The film was released by Warner Bros. on June 11, 1975. It received positive reviews from critics, but a lukewarm commercial reception. Hackman was nominated for a BAFTA Award for Best Actor for his performance. In the years since its release, Night Moves has attracted viewers and significant critical attention following its home media releases. It has been called "a seminal modern noir work from the 1970s."

==Plot==
Harry Moseby is an ex-professional football player working as a private investigator in Los Angeles. He learns through his friend Nick that a fortune can be made in Mexican artifacts, as the country is cracking down on the theft of its Native American legacy, but is not interested. He later accidentally learns his wife Ellen is having a love affair with a man named Marty Heller.

Aging former actress Arlene Iverson hires Harry to find her 16-year-old daughter Delly Grastner. Arlene's only source of income is her daughter's trust fund, but it requires Delly to be living with her. Arlene gives Harry the name of one of Delly's friends in Los Angeles, a mechanic and spurned paramour named Quentin. Quentin tells Harry that he last saw Delly at a New Mexico film location, where she flirted with one of Arlene's old flames, stuntman Marv Ellman. Harry realizes that the injuries to Quentin's face are from fighting the stuntman. He talks with Ellman and stunt coordinator Joey Ziegler. Before returning to Los Angeles, Harry is surprised to see Quentin working on Ellman's stunt plane.

Harry travels to the Florida Keys, where Delly's stepfather Tom Iverson lives, and finds Delly staying with Tom and his girlfriend Paula. Harry shows Paula a famous series of chess game turns in a match which involved a coup-de-grace of three knight moves. Tom admits to having been intimate with Delly, and agrees she should return to her mother. Harry, Paula, and Delly take a boat trip to go swimming, but Delly becomes distraught when she finds the submerged wreckage of a small plane with the decomposing body of the pilot inside. Paula marks the spot with a buoy. They return to the shore and Paula makes a telephone call to report the find to the Coast Guard. She later visits Harry's bungalow and the two have sex.

Delly agrees to return to her mother; Harry delivers her to Arlene and picks up his check. As he leaves, he sees them arguing. Harry gets together with Nick and Joey to go to a football game in LA, where Joey indicates he has arranged for Delly to get a SAG card as a favor to Arlene. Harry later listens to an answering-machine message from Delly apparently offering a tip, but he turns it off mid-message to focus on his marriage. He tells Ellen he will give up his occupation, which has come between them.
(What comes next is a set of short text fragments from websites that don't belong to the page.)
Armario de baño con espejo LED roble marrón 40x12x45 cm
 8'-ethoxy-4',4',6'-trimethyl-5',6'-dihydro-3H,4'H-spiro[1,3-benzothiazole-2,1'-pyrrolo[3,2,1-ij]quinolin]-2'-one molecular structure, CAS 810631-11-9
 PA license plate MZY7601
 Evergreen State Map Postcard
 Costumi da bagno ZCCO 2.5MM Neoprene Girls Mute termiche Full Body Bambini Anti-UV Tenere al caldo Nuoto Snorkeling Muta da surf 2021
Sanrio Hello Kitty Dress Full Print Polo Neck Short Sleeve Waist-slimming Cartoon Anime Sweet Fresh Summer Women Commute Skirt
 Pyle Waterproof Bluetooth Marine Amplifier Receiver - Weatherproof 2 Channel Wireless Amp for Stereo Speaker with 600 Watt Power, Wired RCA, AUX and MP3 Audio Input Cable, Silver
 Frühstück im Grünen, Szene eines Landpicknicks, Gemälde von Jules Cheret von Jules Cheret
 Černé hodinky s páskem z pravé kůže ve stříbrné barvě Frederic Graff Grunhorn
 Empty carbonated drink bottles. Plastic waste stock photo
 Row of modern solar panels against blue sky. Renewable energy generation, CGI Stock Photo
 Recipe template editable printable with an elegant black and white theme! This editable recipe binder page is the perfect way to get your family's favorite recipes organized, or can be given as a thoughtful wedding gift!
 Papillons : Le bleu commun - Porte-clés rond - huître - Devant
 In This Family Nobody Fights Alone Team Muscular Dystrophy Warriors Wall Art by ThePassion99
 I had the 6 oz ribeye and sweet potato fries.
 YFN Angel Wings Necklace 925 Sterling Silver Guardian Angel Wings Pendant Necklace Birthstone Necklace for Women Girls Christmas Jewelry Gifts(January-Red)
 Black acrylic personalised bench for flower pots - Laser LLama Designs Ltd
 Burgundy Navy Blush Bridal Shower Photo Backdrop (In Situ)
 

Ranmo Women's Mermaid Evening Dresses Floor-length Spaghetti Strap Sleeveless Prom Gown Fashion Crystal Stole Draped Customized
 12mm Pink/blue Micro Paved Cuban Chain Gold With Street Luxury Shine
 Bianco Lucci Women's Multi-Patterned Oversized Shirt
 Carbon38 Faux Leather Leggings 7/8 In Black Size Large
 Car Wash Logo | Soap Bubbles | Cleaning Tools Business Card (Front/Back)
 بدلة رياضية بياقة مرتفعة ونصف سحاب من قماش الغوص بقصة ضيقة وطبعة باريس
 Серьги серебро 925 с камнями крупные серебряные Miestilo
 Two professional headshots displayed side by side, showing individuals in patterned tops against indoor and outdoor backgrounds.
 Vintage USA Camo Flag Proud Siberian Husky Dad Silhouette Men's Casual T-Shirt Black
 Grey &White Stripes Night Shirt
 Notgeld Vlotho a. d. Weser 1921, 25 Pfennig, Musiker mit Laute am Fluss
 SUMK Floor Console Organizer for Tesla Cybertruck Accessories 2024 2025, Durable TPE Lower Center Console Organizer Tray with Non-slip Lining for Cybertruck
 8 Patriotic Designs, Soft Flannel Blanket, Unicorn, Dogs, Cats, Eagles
Harry learns from Ellen that Delly has been killed in a car accident on a movie set. Harry questions the driver of the car, Joey, who is in a cast. Joey lets him view footage of the crash, raising Harry's suspicions about Quentin the mechanic. Harry goes to the home of Arlene, who now stands to inherit her daughter's wealth, and finds her drunk by the pool. He tracks down Quentin, who denies being the killer but reveals that the dead pilot is Ellman, who was involved in smuggling. Quentin flees before Harry can learn more.

Harry and Ellen attempt to reconcile. He decides to pursue the case and returns to Florida, where he finds Quentin's dead body floating in Tom's dolphin atrium. He accuses Tom of the murder; Tom confesses, they fight, and Tom is knocked unconscious. Paula admits she did not report the dead body in the plane to the Coast Guard because the aircraft contained a valuable relic they were smuggling in from the Yucatán.

Harry and Paula set off in a boat to retrieve the relic. They arrive at its location, marked by a buoy, and Paula dives to retrieve it. A floatplane flies by the boat. Its pilot strafes the boat with a submachine gun, wounding Harry in the leg. The plane lands and taxies towards the boat. As Paula surfaces with the sculpture buoyed up by an inflatable life raft, the pilot taxies over and kills her, but also, the plane crashes into the large stone sculpture before flipping over next to the boat. As the cockpit sinks, Harry is able to see the drowning pilot through the plane's windshield, recognizing Joey Ziegler. Bleeding profusely, Harry starts one engine of the boat, but collapses in pain as the boat idly circles on the spot.

==Production==
Night Moves was shot in the fall of 1973, but since Melanie Griffith was just 16 at the time her underwater nude scenes were filmed, the movie was not released until 1975. The role of Ellen, played by Susan Clark, was originally offered to Faye Dunaway, who turned it down to star in Chinatown. Dunaway had just split from one of the film's stars, Harris Yulin, after a two-year relationship. Night Movess original title, Dark Tower, had to be changed so as to not confuse the film with the 1974 blockbuster hit The Towering Inferno.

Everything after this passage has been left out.